— Your task —
When you reach the line with "truelife Babyphone NannyCam", transcribe it and each line after it through the last one below, exactly. Pictures stay out.

— Collected data —
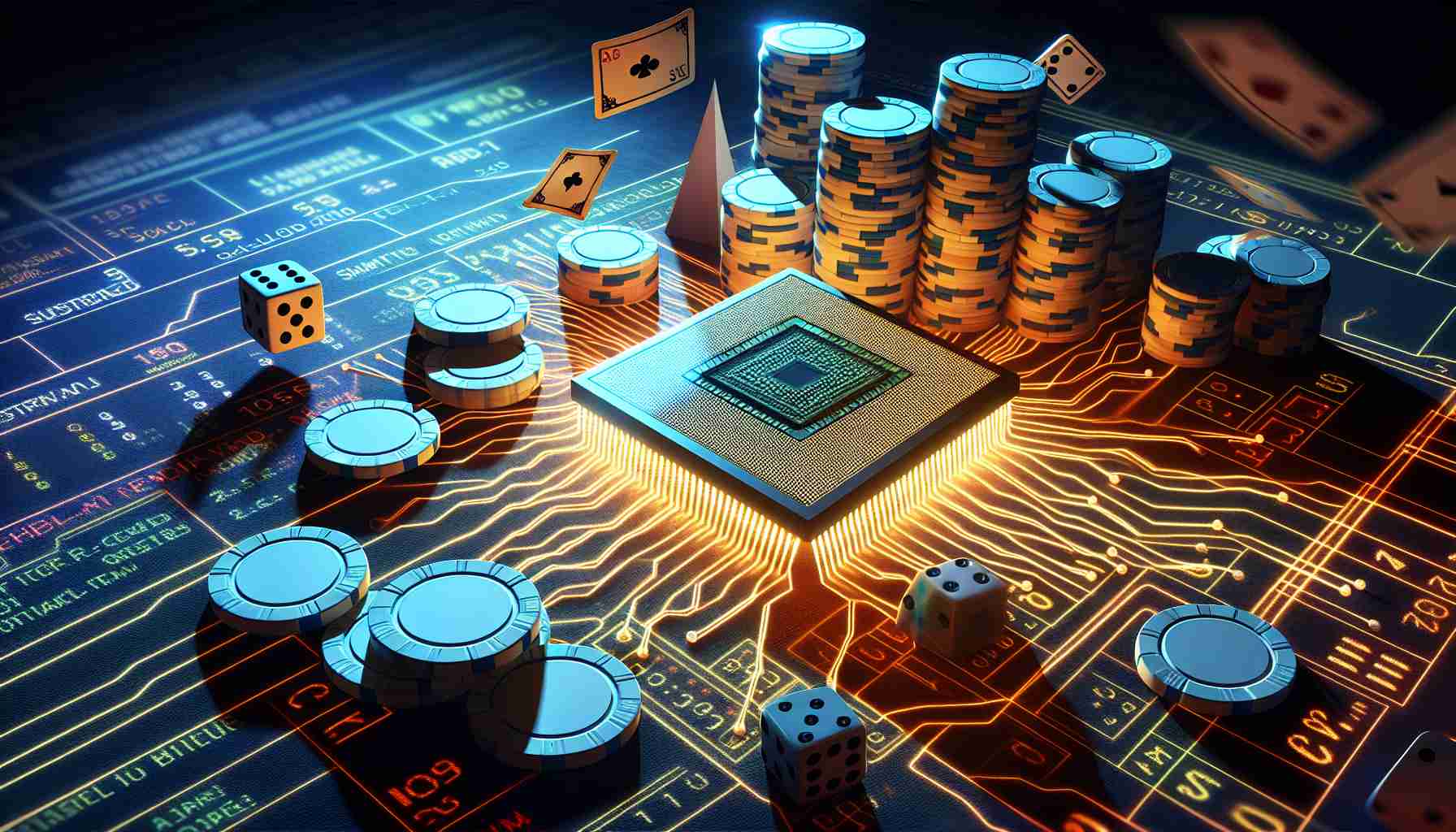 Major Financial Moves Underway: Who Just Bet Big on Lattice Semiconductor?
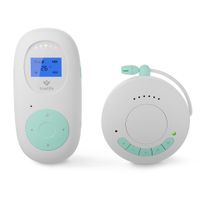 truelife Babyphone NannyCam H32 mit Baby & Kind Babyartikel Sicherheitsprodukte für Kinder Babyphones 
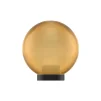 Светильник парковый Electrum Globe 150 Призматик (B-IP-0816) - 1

— Solution —
 truelife Babyphone NannyCam H32 mit Baby & Kind Babyartikel Sicherheitsprodukte für Kinder Babyphones 
 Светильник парковый Electrum Globe 150 Призматик (B-IP-0816) - 1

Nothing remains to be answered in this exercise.